How Databases Actually Store Data: Pages, Tuples, and the Architecture That Matters

There's a gap between understanding how SQL works and understanding how databases actually store bits on disk. Most developers never cross that gap. Their databases just work until they don't, and then they're stuck guessing at why performance degraded or why they're burning through disk space.

I'm going to walk you through the actual storage layer. Not the theoretical version. The version that explains why your database behaves the way it does in production, why certain operations are fast and others are slow, and what you can actually do about it.

Why Storage Architecture Matters

Before we get into the details, let's establish why you should care about how a database stores data. The fundamental constraint in any system is disk I/O. Your CPU can execute billions of operations per second. A modern SSD can do about 100,000 to 1,000,000 IOPS. Every disk access you make is buying milliseconds when your users expect microseconds. Everything downstream—indexing strategies, query optimization, replication design—is built around minimizing disk I/O.
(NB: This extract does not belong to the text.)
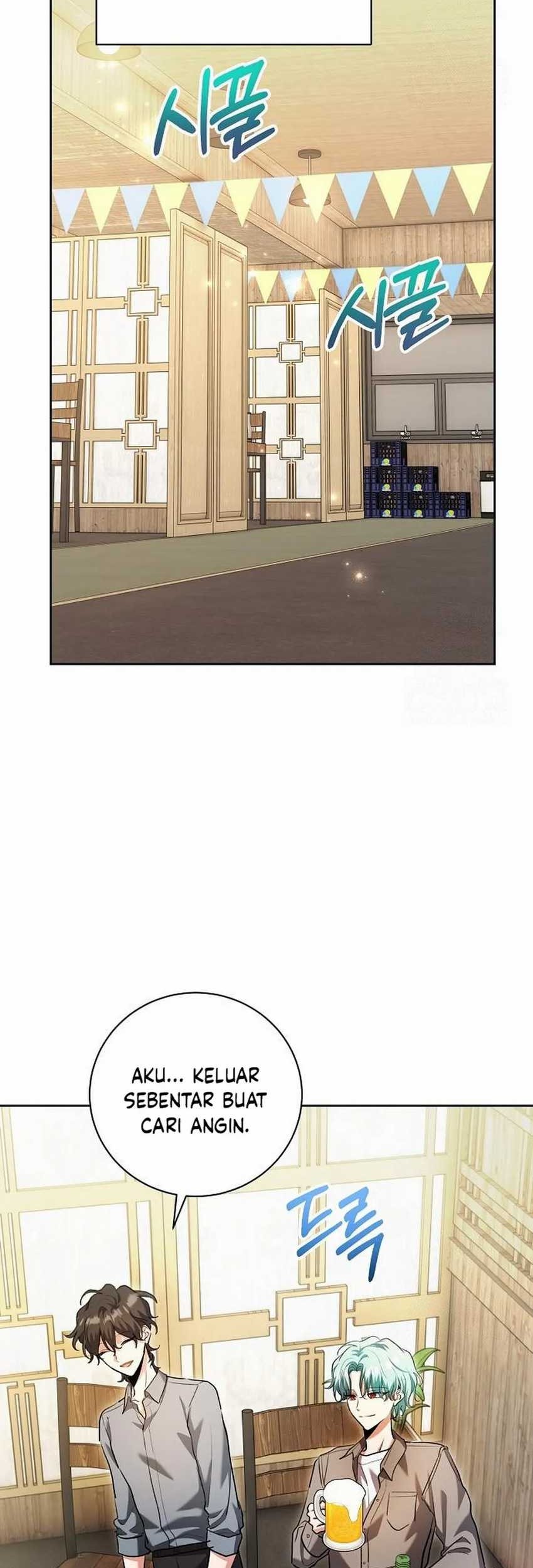 Genius Actor’s Aura Chapter 85 - halaman 69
The storage layer determines whether your database can handle millions of writes per second or if it'll start falling over after a few thousand. It determines whether your read queries hit disk once or five times. It determines whether your hardware is working hard or just moving data around inefficiently.
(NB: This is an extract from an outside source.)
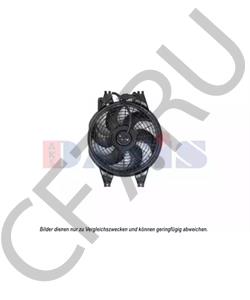 977363E000 HYUNDAI / KIA КРЫЛЬЧАТКА ВЕНТИЛЯТОРА РАДИАТОРА в городе Королёв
Most importantly: storage architecture is a fundamental choice that's hard to change. PostgreSQL uses one design, RocksDB uses a completely different one. Knowing which is which explains why you might pick one over the other.

The Heap: Storing Rows in Pages

Let's start simple. A database table is stored on disk, and the disk is organized into pages. A page is the smallest unit of I/O your database does. When you read a single row from a table, you're probably reading an entire page (8KB in PostgreSQL, 16KB in MySQL). When you write a single row, you're writing an entire page.
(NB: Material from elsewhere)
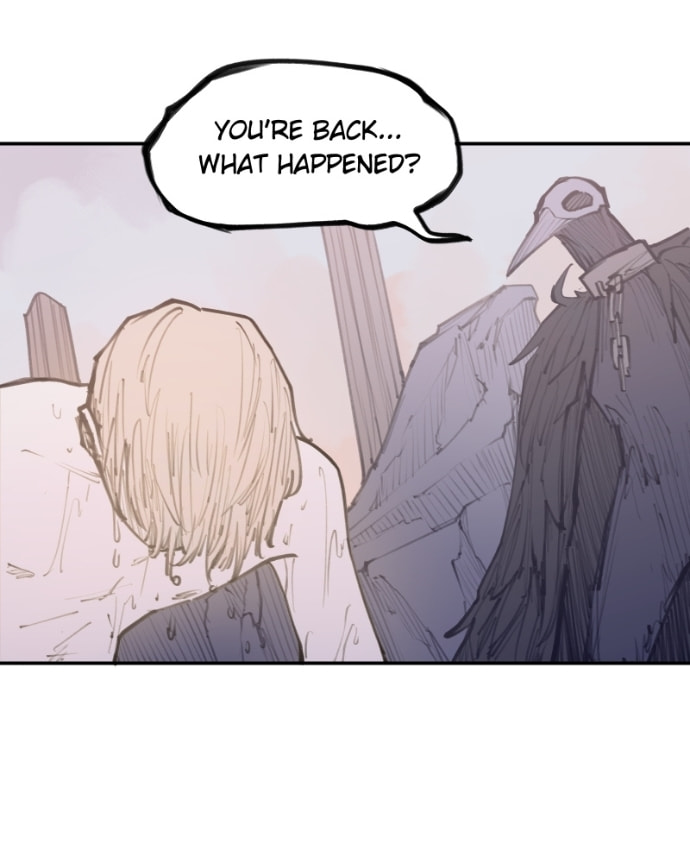 Love Advice from the Great Duke of Hell Chapter 91 page 53 -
This is why page size matters. It's a tradeoff between efficiency of sequential access (bigger pages mean fewer I/O operations) and memory overhead (you load 16KB into memory just to read one row). Most databases default to 8KB or 16KB and rarely change this. PostgreSQL lets you configure it at compile time, so it's technically 8KB by default but most production setups don't change it. MySQL's InnoDB defaults to 16KB, and you can configure it per instance in the config. SQLite defaults to 4KB but also supports other sizes.

The page size also affects your working set in the buffer pool. If your buffer pool is 10GB and you have 8KB pages, you can cache roughly 1.3 million pages. With 16KB pages, it's 650,000 pages. That difference matters for workloads where you're scanning large tables repeatedly—smaller pages fit more into memory for the same amount of RAM.

Inside each page, you're not just dumping rows sequentially. That would be a disaster. Imagine you have a page with three rows. You delete the middle one. Now you have a gap. You can't just move the third row forward—that would break any index entries that point to its physical location. You waste space, or you spend CPU cycles rewriting everything. Both options suck.

In MySQL/InnoDB specifically, when you delete a row, the space is marked as free but remains on the page. Over time, as you delete rows and insert smaller rows, the page becomes increasingly sparse. This is called fragmentation. When you run OPTIMIZE TABLE, InnoDB rebuilds the entire table and index, which essentially compacts everything and reclaims that wasted space. The downside is it locks the table for writes during the operation.

PostgreSQL handles this differently with VACUUM. When you delete a row, it's marked with XMAX (the transaction ID that deleted it), but the physical space remains on the page until VACUUM runs. VACUUM is less aggressive than OPTIMIZE TABLE—it runs incrementally and doesn't require a full lock—but it also doesn't reclaim space as aggressively.

This problem is why databases use slotted pages.

Slotted Pages: How PostgreSQL and MySQL Actually Organize Data

A slotted page looks like this on disk:

[Page Header]
[                    Free Space                    ]
[Slot Directory Growing Upward: [Slot 3][Slot 2][Slot 1]]

The page header contains metadata about the page. In PostgreSQL, you've got the LSN (for recovery), checksums (for detecting corruption), and two critical pointers: one pointing to the end of the slot directory, one pointing to the start of free space. The size is small, around 20 bytes, and it's read on every access.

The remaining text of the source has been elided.